◆ Requirement: Everything from the line containing "World Population Day" to the last line of the material below must be retyped exactly, both ends included; skip the pictures.

◆ Input data:
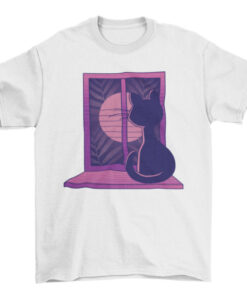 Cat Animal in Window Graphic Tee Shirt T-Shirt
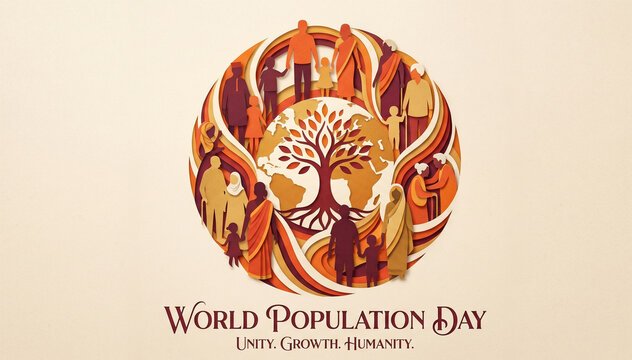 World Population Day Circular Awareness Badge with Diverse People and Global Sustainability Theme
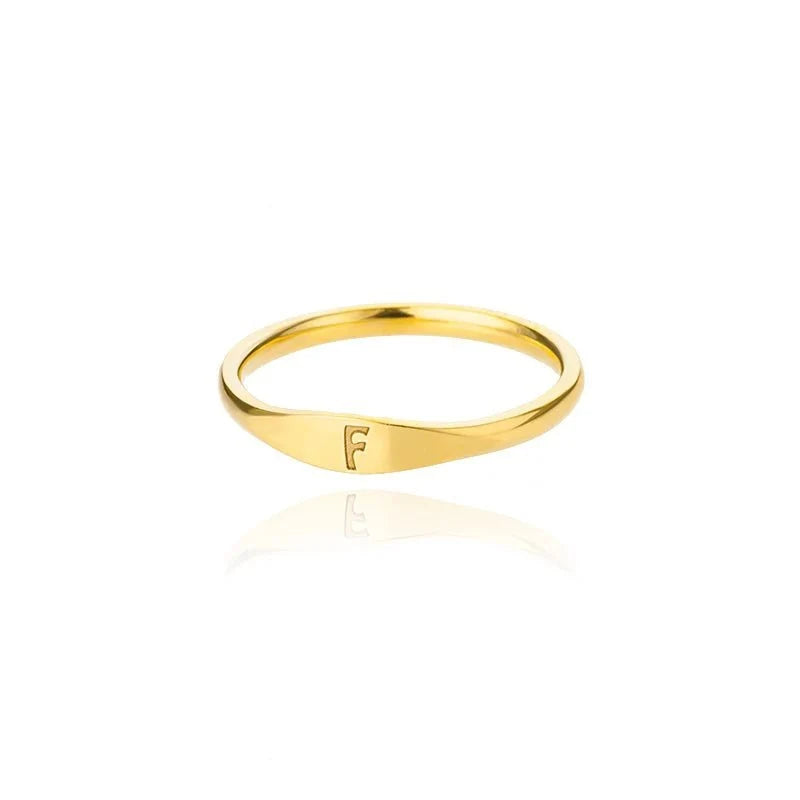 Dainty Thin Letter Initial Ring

◆ Expected answer:
 World Population Day Circular Awareness Badge with Diverse People and Global Sustainability Theme
 Dainty Thin Letter Initial Ring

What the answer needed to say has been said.